__What you need to do__: Include the line with "首爾祭基洞的藥令市場，除了人参外，還有新鮮水果，鮮肉，蔬菜，..." and every line before it in the entries below, echoed exactly, but not the pictures.

[Data excerpts]
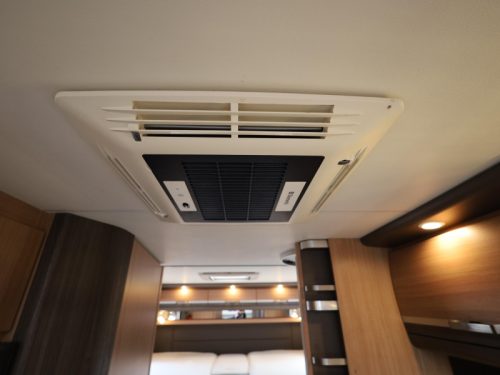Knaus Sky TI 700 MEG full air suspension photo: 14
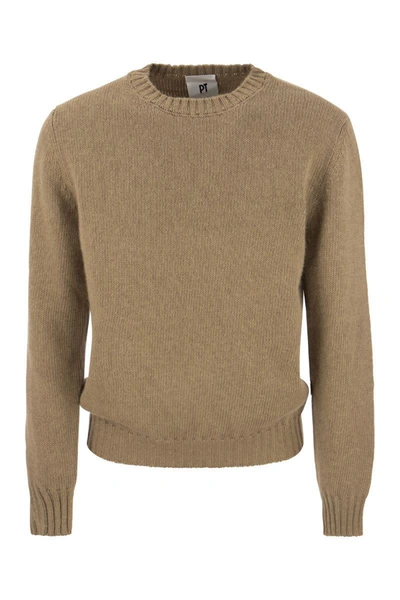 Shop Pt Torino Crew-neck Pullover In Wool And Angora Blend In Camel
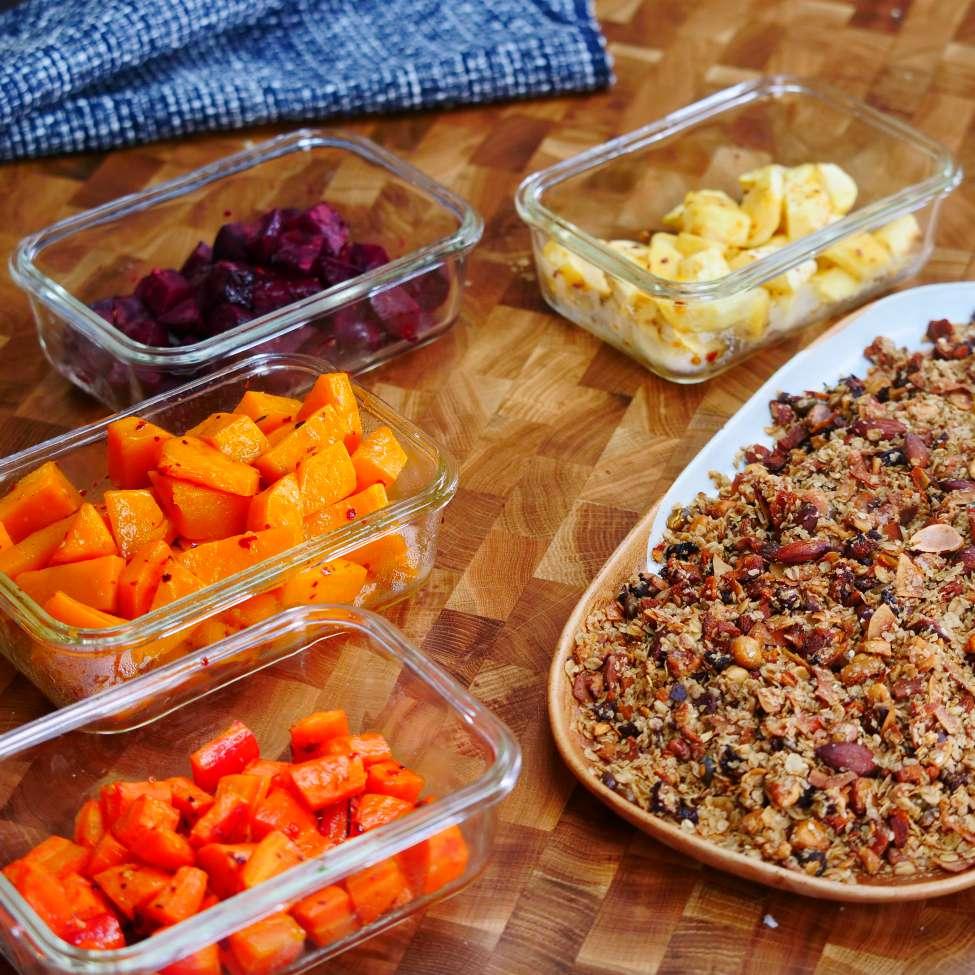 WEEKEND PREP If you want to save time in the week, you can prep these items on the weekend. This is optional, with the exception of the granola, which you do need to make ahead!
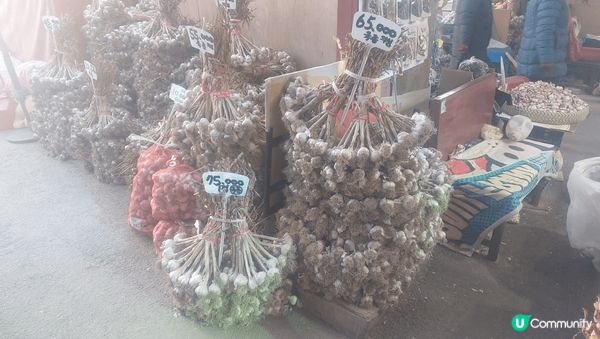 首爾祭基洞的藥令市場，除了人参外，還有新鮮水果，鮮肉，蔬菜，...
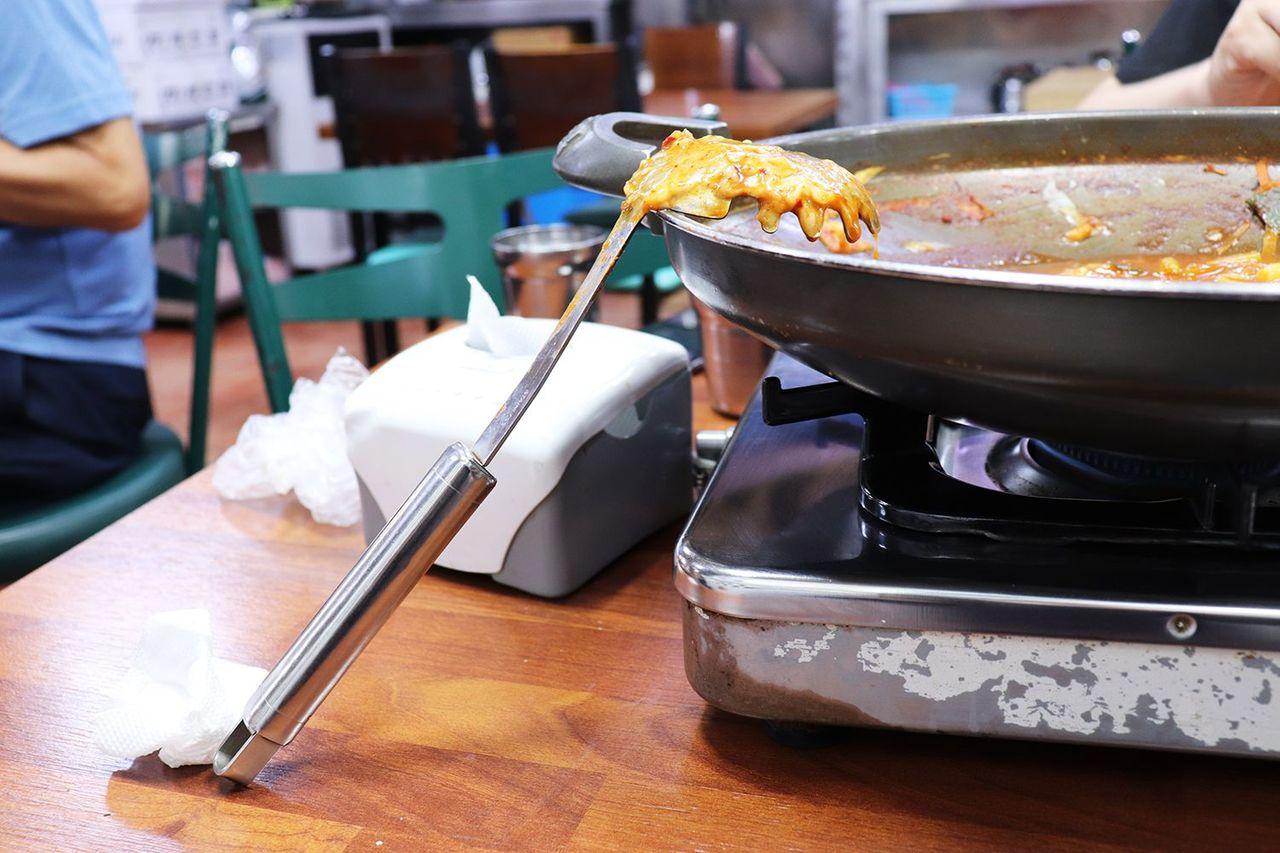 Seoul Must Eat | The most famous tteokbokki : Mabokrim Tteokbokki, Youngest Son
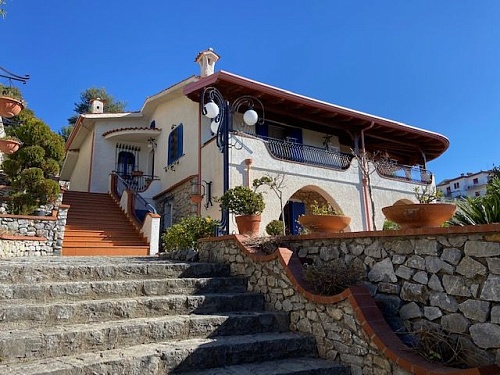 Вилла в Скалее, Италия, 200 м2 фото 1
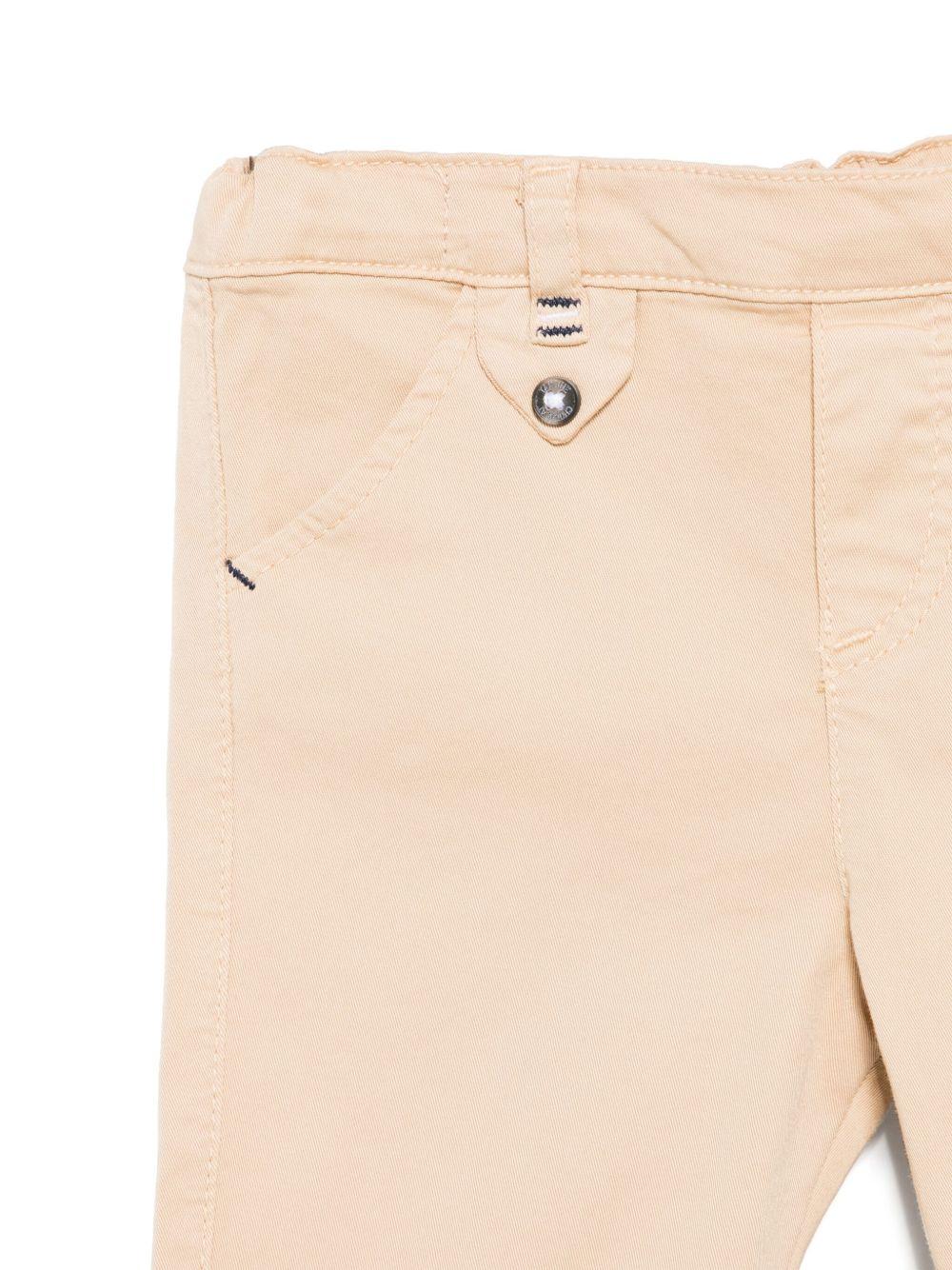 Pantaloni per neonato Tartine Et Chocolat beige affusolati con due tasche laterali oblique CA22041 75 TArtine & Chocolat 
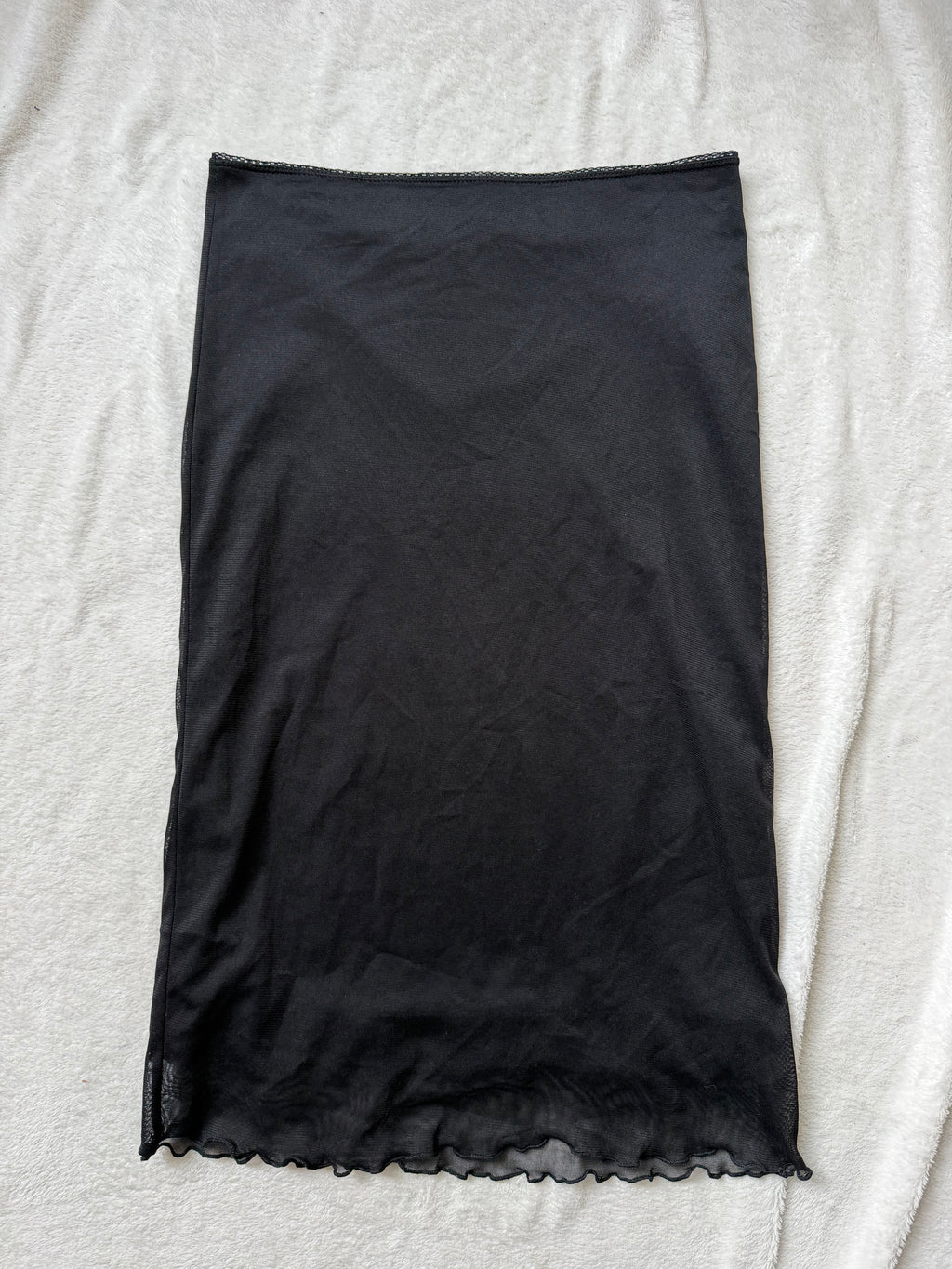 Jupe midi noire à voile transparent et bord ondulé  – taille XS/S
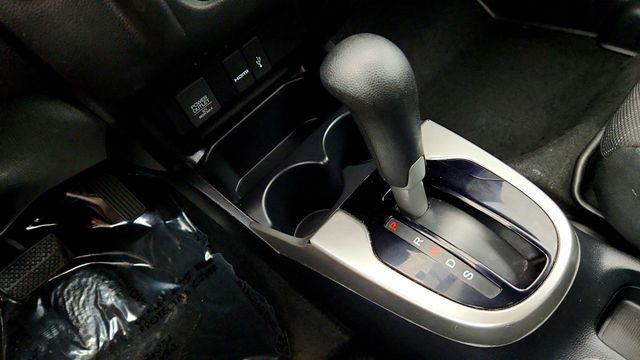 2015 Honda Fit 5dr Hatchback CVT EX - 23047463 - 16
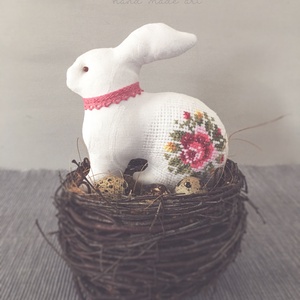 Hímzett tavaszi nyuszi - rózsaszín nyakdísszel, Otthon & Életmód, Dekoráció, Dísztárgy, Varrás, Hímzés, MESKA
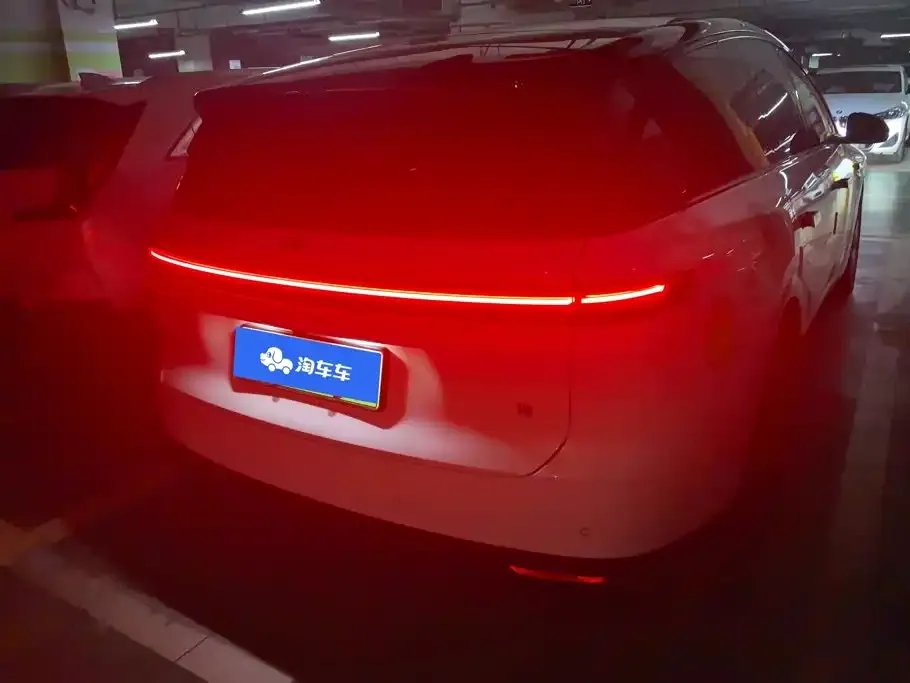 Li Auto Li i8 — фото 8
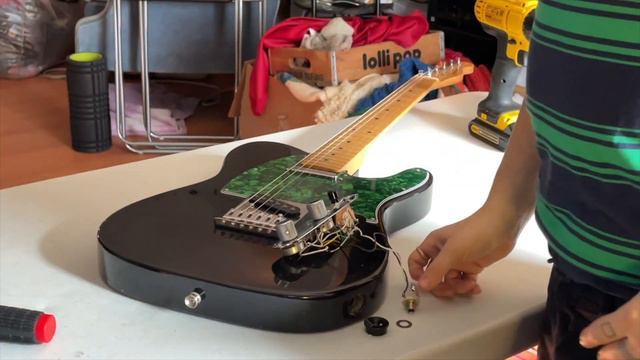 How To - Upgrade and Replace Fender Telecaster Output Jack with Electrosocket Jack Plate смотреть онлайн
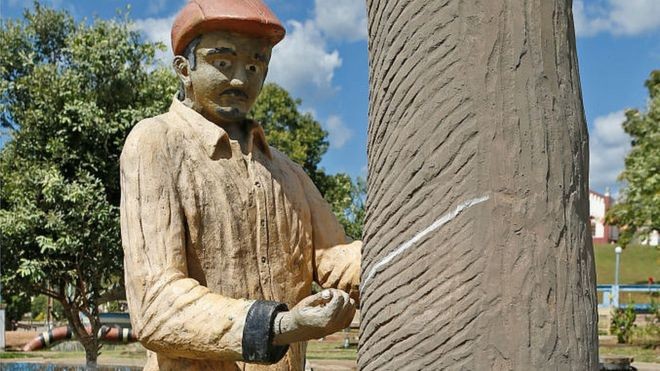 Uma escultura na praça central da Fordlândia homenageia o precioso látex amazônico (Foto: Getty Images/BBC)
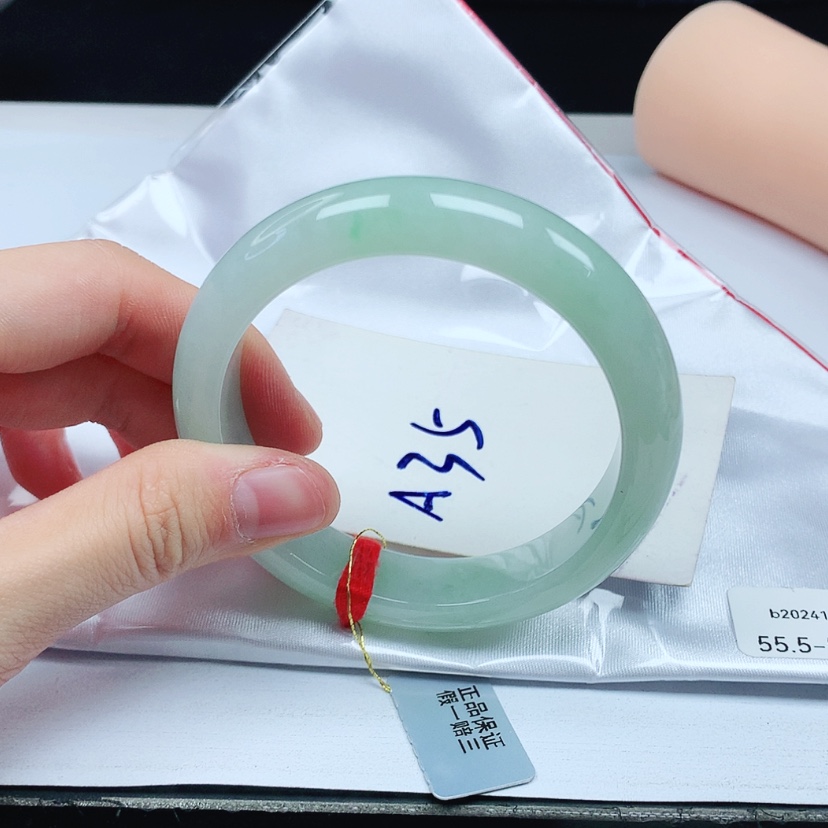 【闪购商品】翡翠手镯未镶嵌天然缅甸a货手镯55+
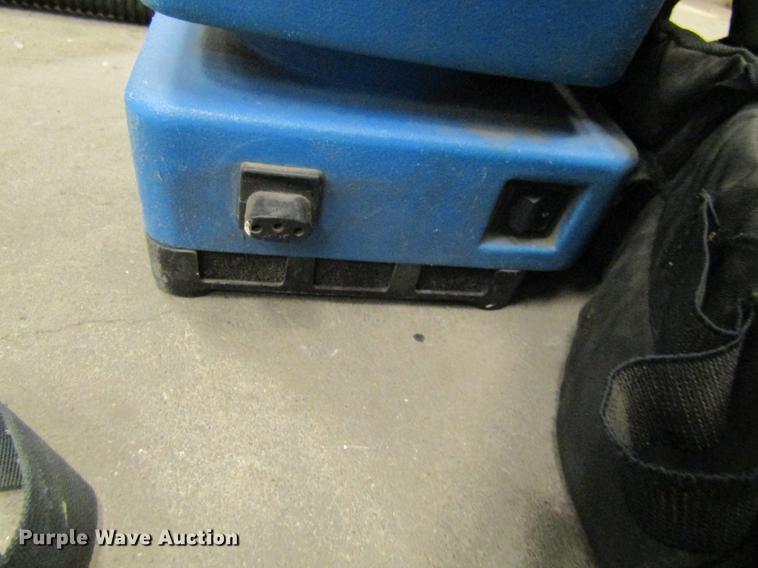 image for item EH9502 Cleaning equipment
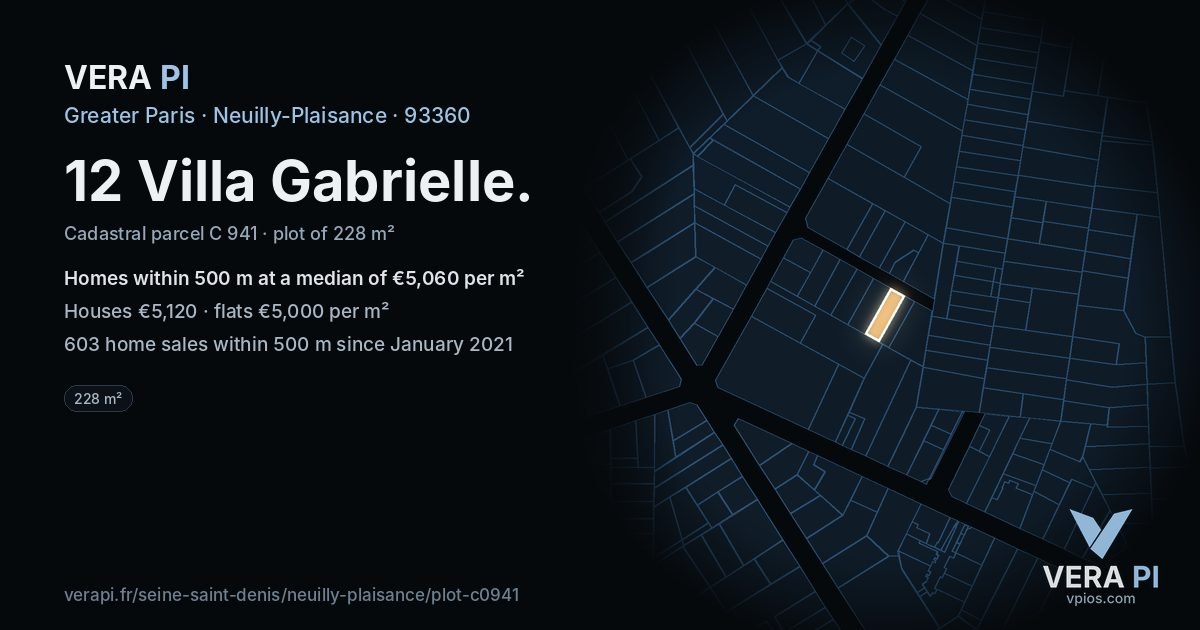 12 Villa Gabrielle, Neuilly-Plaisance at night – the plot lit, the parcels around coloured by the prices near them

__Result for this exercise__:
Knaus Sky TI 700 MEG full air suspension photo: 14
 Shop Pt Torino Crew-neck Pullover In Wool And Angora Blend In Camel
 WEEKEND PREP If you want to save time in the week, you can prep these items on the weekend. This is optional, with the exception of the granola, which you do need to make ahead!
 首爾祭基洞的藥令市場，除了人参外，還有新鮮水果，鮮肉，蔬菜，...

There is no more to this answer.